Dark Waters

Camp and Ruffalo

* * * *

Todd Haynes brings his virtuosic levels of craftsmanship to a lawyer-versus-corporation true story, with magnificent results. Dark Waters, a passion project for star and producer Mark Ruffalo, has everything the genre, and indeed many a good film, demands: high stakes, honest suspense, compassion, passion, righteous anger and more than a few goosebump moments. It’s a depressing film about a very depressing sustained act of corporate malfeasance, but it’s ruthlessly compelling and compulsively watchable.

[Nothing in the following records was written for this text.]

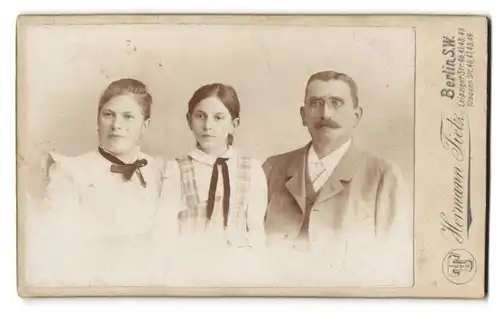 Fotografie Hermann Tietz, Berlin, Leipziger-Str. 46-49, Portrait Mutter und Vater mit Tochter im Hosenträgerkleid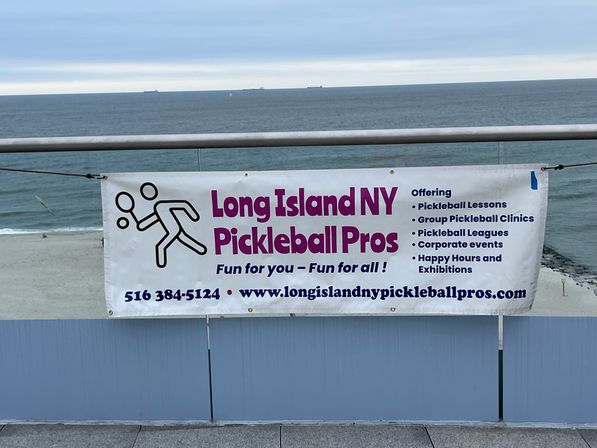 Beachfront banner on Long Island, NY promoting pickleball lessons, clinics, leagues and events with purple lettering and a stick-figure player, ocean and sandy beach in the background.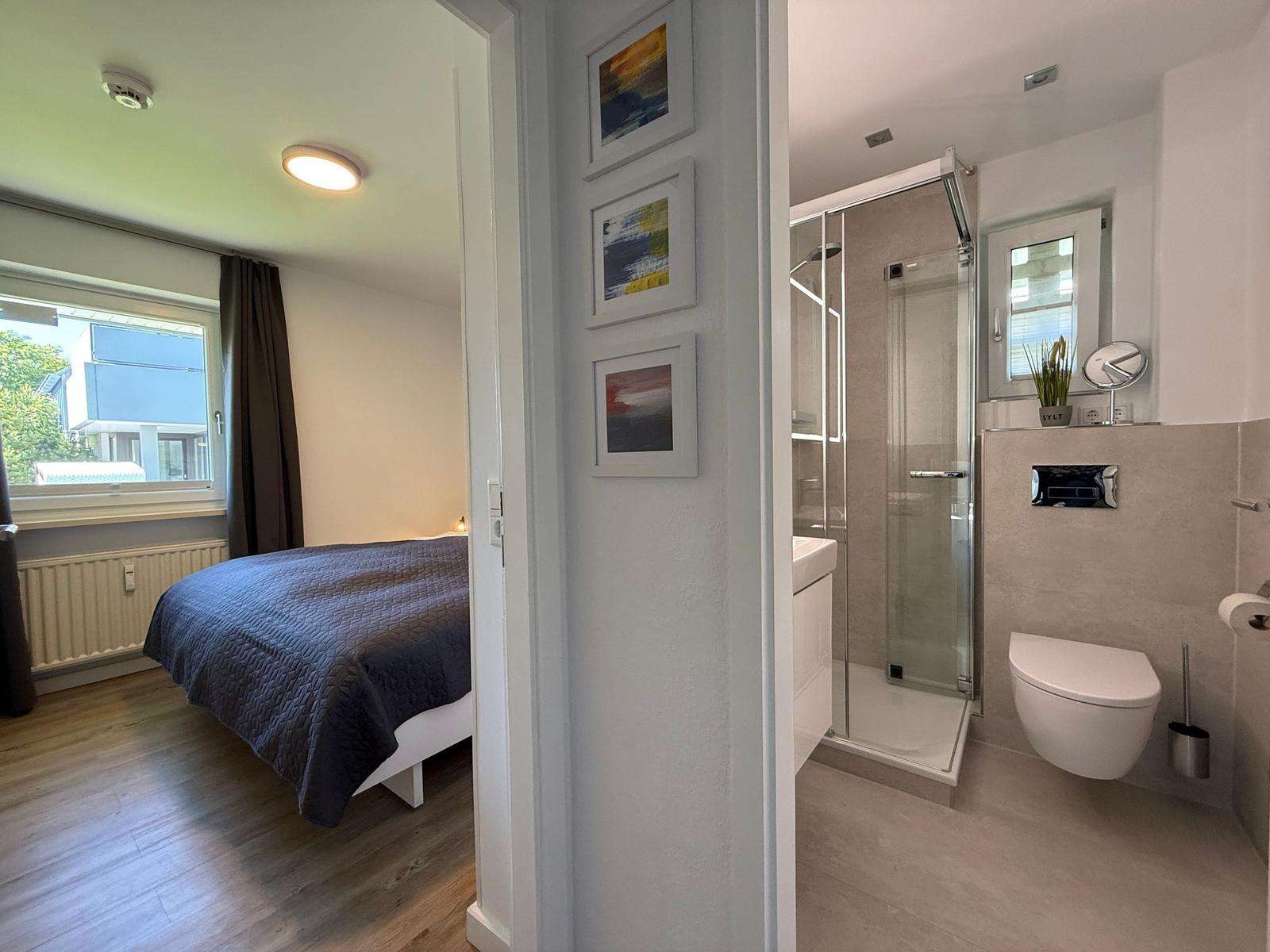 Schlafzimmer mit Bett und Fenster. Nebenraum mit Dusche, Toilette und Waschbecken.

Haynes brings a gothic, almost horror-film texture to the material, aided by Bill Camp’s intense performance as Wilbur Tennant, a West Virginia farmer whose cows are dying, sometimes after losing their minds and attacking him. He storms the Ohio law offices of Rob Bilott (Ruffalo) – because he knows Bilott’s grandmother! – demanding representation. None of the lawyers in Wilbur’s own state will take him on, because DuPont, the chemical company he’s convinced is behind his cattle’s poisoning, basically owns it.

I welled up three times over the course of the film, not because my emotions were being manipulated but because they were being addressed. Haynes may infuse his film with horror, but that is because it is a horror story, as all stories of inhuman abuse by corrupt monied corporations are. Every beat of this movie is told with integrity, and your tears are deserved.